EXERCISE: Beneath this task are records; print exactly the stretch of them from the line with "Best friends togehter, drinking" through the line with "a kitchen with", both ends included.

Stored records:
*****

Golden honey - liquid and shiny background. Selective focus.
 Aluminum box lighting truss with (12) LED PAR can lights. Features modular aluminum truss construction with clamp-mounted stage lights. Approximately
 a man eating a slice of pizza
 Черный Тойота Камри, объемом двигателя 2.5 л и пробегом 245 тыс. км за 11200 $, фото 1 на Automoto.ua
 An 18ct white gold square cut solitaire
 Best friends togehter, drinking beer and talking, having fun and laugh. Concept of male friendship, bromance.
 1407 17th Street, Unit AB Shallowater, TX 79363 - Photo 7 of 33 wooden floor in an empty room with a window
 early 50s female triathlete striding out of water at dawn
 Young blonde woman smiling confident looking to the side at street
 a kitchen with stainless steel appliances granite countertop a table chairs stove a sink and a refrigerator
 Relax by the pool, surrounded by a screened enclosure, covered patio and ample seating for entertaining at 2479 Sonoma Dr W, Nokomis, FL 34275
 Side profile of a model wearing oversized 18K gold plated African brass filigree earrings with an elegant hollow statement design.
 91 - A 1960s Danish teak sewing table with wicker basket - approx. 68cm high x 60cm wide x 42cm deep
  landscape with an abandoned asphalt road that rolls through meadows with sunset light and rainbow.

*****

ANSWER SPACE:
 Best friends togehter, drinking beer and talking, having fun and laugh. Concept of male friendship, bromance.
 1407 17th Street, Unit AB Shallowater, TX 79363 - Photo 7 of 33 wooden floor in an empty room with a window
 early 50s female triathlete striding out of water at dawn
 Young blonde woman smiling confident looking to the side at street
 a kitchen with stainless steel appliances granite countertop a table chairs stove a sink and a refrigerator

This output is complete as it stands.